Dung-chen: trompe conique du Tibet, généralement en cuivre rouge et décorée d’argent. Le tube conique du Dung-chen varie en longueur, entre un mètre et demi et deux mètres. Pour être joué, il doit être posé à terre ou sur un support. Certains des Dung-chen utilisés par les Tibétains en Inde ont une forme semblable à un télescope ce qui les rend plus faciles à transporter. C’est un excellent instrument à écho.

Gyaling: instrument en roseau à double hampe qui ressemble au Shehnai indien. Le Gyaling est utilisé dans la musique des temples pour apporter un phrasé mélo­dique pendant les interludes ins­tru­mentaux.

Rkan-dun: fabriqué à partir d’os humains (le fémur), le pipeau Rkan-dun est joué par certaines sectes telles que les Drugpa-ka-gyu pendant leurs cérémonies du temple.

Nga: tambour biface, en forme de roue, le Nga est joué avec un bâtonnet incurvé en bois. Bien que les deux faces soient couvertes de peau de yak, une seule peut être frappée à la fois. Il est parfois joué avec deux bâtonnets, l’un frappé sur le corps en bois, l’autre sur la peau tendue.

Daru: semblable au Damaru indien, le tambour Daru a une forme de sablier et est joué avec une paire de cordes attachées à sa taille étroite.

Rolmo: paire de grandes cymbales de bronze.

Singyen: paire de cymbales accrochées au doigt, en bronze.

Tilpo: cloche jouée à la main, en bronze ou en cuivre.

Lingbu: flûte de bambou transversale à six trous.

Arga: clochette accrochée à la cheville.

Tingsha: petite cymbale frappée avec un bâtonnet à tête métallique.

Les danses et les chansons populaires tibétaines sont accompagnées de certains de ces instruments.

LES TITRES


1/ Jensey.
Cérémonie du feu exécutée par Gelugpa (la Secte jaune) en mémoire des morts et conduite par le grand Lama de Kalimpong (Himalaya oriental). Des offrandes de riz, de graines, de beurre cuit, d’une herbe spécifique et de morceaux de papier sur lesquels étaient inscrits le nom des morts étaient dispersés au dessus d’un autel où brûlaient de hautes flammes. Pendant la cérémonie, une procession funéraire s’approcha du grand Lama pour recevoir sa bénédiction avant la crémation. Les chant consistent principalement en la récitation des noms des disparus. Les interludes instrumentaux sont joués sur un Gyaling, un Nga, un Rolmo et un Tilpo.
La cérémonie fût enregistrée au monastère de Ghoom en 1979, au Darjeeling, Himalaya oriental.

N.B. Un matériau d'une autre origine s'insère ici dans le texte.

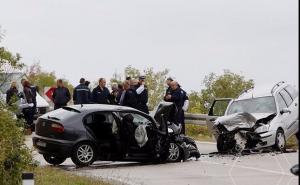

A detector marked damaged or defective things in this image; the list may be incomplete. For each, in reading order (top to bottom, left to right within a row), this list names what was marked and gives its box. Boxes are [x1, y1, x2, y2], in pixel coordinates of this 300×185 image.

shattered car window [227, 96, 276, 115]
broken windshield [227, 96, 276, 115]
crumpled car hood [213, 112, 274, 132] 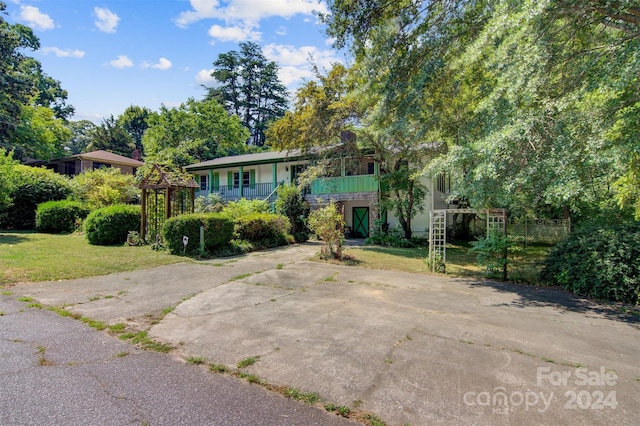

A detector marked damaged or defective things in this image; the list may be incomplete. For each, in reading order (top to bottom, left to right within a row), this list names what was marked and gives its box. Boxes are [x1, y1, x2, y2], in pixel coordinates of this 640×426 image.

cracked concrete [10, 241, 640, 424] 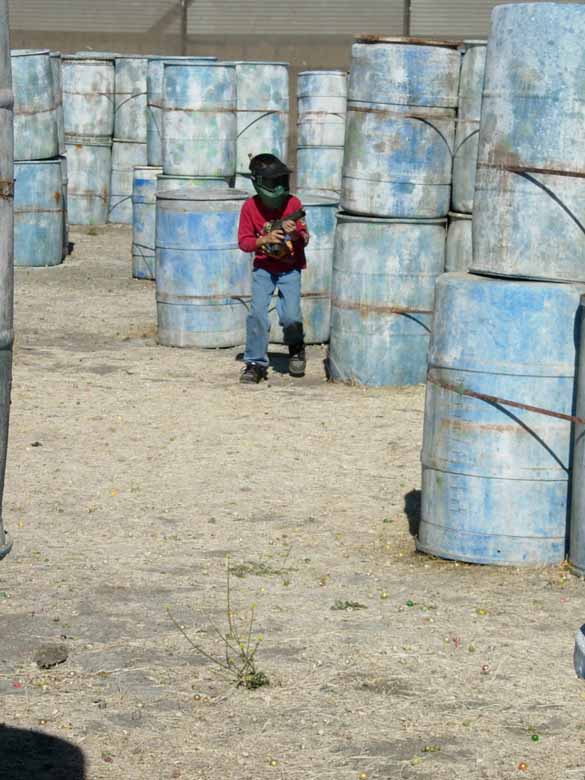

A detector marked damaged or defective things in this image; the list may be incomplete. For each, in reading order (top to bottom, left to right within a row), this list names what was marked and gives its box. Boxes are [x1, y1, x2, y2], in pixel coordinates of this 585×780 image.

rusted metal drum [11, 48, 58, 161]
rusted metal drum [62, 54, 115, 139]
rusted metal drum [113, 54, 147, 142]
rusted metal drum [161, 61, 236, 177]
rusted metal drum [232, 61, 288, 177]
rusted metal drum [296, 71, 346, 195]
rusted metal drum [340, 38, 458, 218]
rusted metal drum [452, 40, 484, 213]
rusted metal drum [472, 3, 585, 284]
rusted metal drum [157, 187, 251, 346]
rusted metal drum [270, 192, 338, 344]
rusted metal drum [326, 212, 444, 386]
rusted metal drum [444, 212, 472, 272]
rusted metal drum [418, 274, 580, 568] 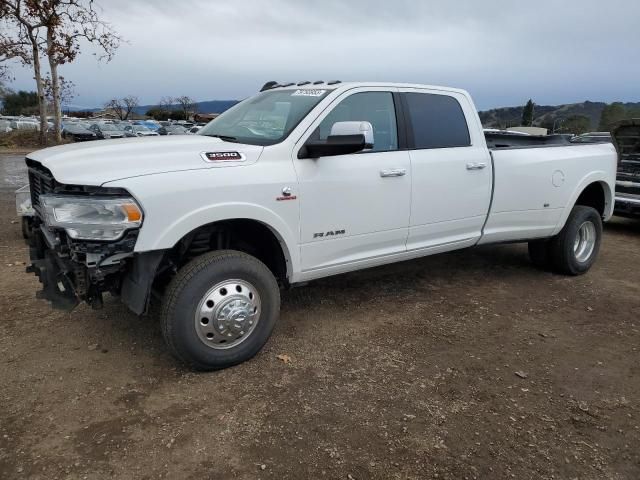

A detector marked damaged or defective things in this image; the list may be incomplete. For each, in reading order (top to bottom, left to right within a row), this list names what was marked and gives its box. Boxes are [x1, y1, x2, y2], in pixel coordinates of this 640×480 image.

damaged front end [25, 158, 162, 316] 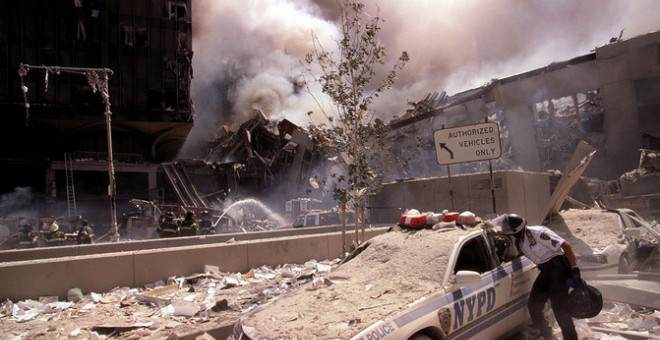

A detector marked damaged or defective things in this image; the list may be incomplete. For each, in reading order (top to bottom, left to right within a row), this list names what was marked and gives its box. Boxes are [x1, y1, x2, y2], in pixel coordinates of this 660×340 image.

damaged vehicle [232, 224, 536, 338] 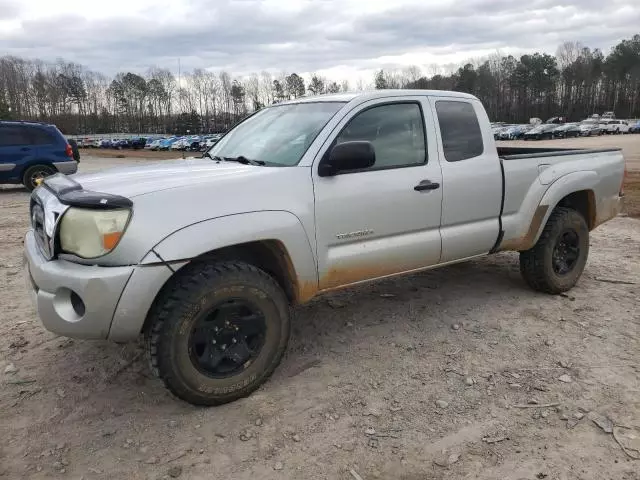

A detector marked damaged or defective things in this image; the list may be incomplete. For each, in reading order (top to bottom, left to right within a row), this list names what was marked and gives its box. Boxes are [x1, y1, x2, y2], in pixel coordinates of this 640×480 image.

rust spot on body [500, 205, 552, 253]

2/ Lecture des textes sacrés par les lamas du principal monastère tibétain de Dharamshala, siège du Dalaï lama en Inde.
Reprise alternativement par différents moines, cette lecture est ininterrompue vingt-quatre heures durant et se poursuit ainsi pendant plusieurs mois. Il s’agit d’un événement annuel.
Enregistré à Dharamshala, en Octobre 1979.

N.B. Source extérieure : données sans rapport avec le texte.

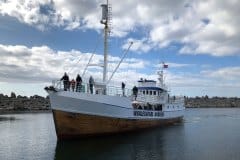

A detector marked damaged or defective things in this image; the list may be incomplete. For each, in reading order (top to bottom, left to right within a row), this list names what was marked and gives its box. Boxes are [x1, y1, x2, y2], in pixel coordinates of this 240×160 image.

rust stain on hull [52, 110, 183, 139] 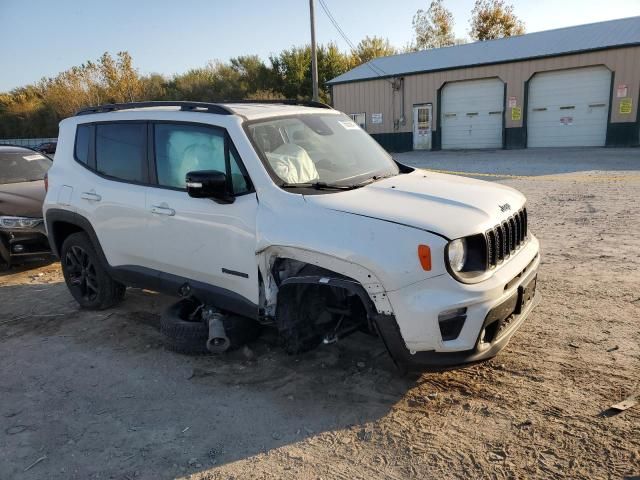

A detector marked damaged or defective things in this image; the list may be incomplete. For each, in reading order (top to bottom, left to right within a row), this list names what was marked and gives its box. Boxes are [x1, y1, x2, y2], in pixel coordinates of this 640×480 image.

detached wheel on ground [59, 232, 125, 308]
detached wheel on ground [161, 298, 262, 354] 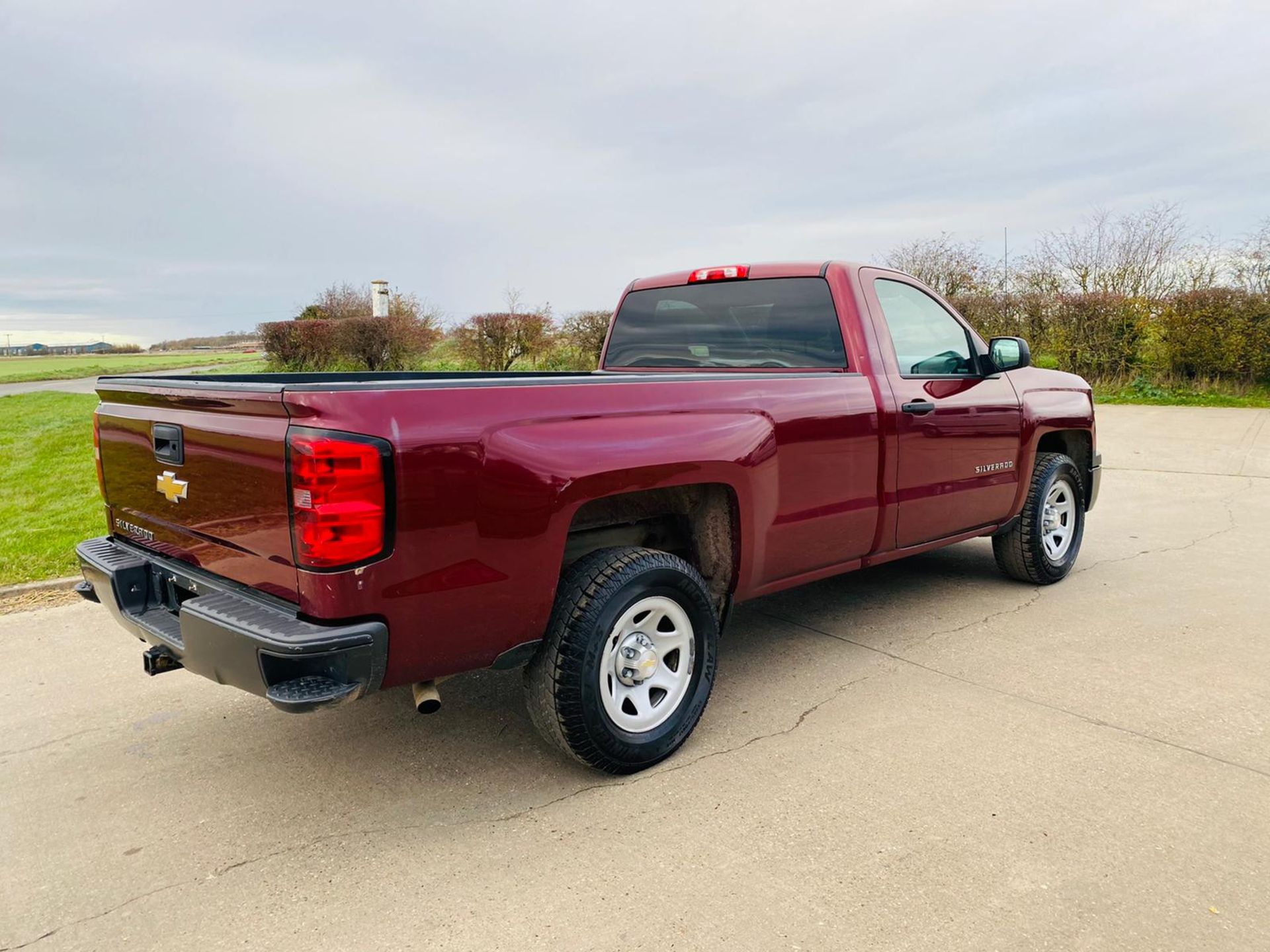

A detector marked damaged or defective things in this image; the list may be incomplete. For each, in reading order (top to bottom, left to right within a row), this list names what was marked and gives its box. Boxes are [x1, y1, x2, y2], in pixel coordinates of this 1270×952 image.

crack in concrete [2, 680, 873, 952]
crack in concrete [746, 612, 1270, 781]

3/ Trois moines en prière à Sarnath.
Cérémonie du matin en louange à Bouddha et à ses idéaux, au temple de la secte de Mahayana à Sarnath. C’est à Sarnath que Bouddha a fait son premier sermon, il y a 2500 ans. Plusieurs sectes bouddhistes du monde entier y ont construit des temples et des sanctuaires en témoignage de leur vénération pour Bouddha.
Enregistré dans un temple à Sarnath, en 1979.

4/ Cérémonie du temple de la secte Drugpa-ka-gyu.
Cette célébration annuelle du 10e jour du mois lunaire est la commémoration de la naissance du moine indien Padma­sambhava. Invité par le dirigeant du Tibet, son séjour marque l’introduction du bouddhisme dans le pays. Cet anniversaire célébré par la secte Drugpa-ka-gyu fut introduit en Inde depuis le Tibet Oriental. La récitation des mots sacrés est ponctuée de moments de musique instrumentale, jouée sur des Dung-chen, deux Rkan-duns, un Gyaling, un Nga et un Rolmo.
Enregistré en Octobre 1979 au temple Drugpa-ka-gyu, à Tashijong, Himalya central.

5/ Tucho Dawe Duchi.
Prière de l’après-midi au monastère de Rumtek.
Bien que ces textes puissent être récités à n’importe quelle heure du jour ou de la nuit, cet enregistrement représente la prière de l’après-midi qui se tient au temple du monastère de la Secte du Chapeau Rouge à Rumtek. Les lamas tibétains de la secte du Chapeau Rouge qui vivent dans ce monastère sont entretenus par le roi de Bhutan. La récitation est ponctuée par une musique jouée sur les instruments suivants: une paire de Gyaling, un Nga, un Daru, le Singyen et un Tilpo. Ceci n’est qu’un court extrait d’une cérémonie qui dure presque deux heures.
Enregistré en Avril 1975 à Rumtek, Sikkim, Himalaya oriental.

6/ Ema Linchey.
Danse tibétaine exécutée par 6 filles et 6 garçons. Il s’agit d’une danse populaire religieuse accompagnée par 3 Lingbu (flûte transversale à six trous).
Enregistré à l’école Enchey, à Gangtok, Sikkim, le 6 Avril 1975.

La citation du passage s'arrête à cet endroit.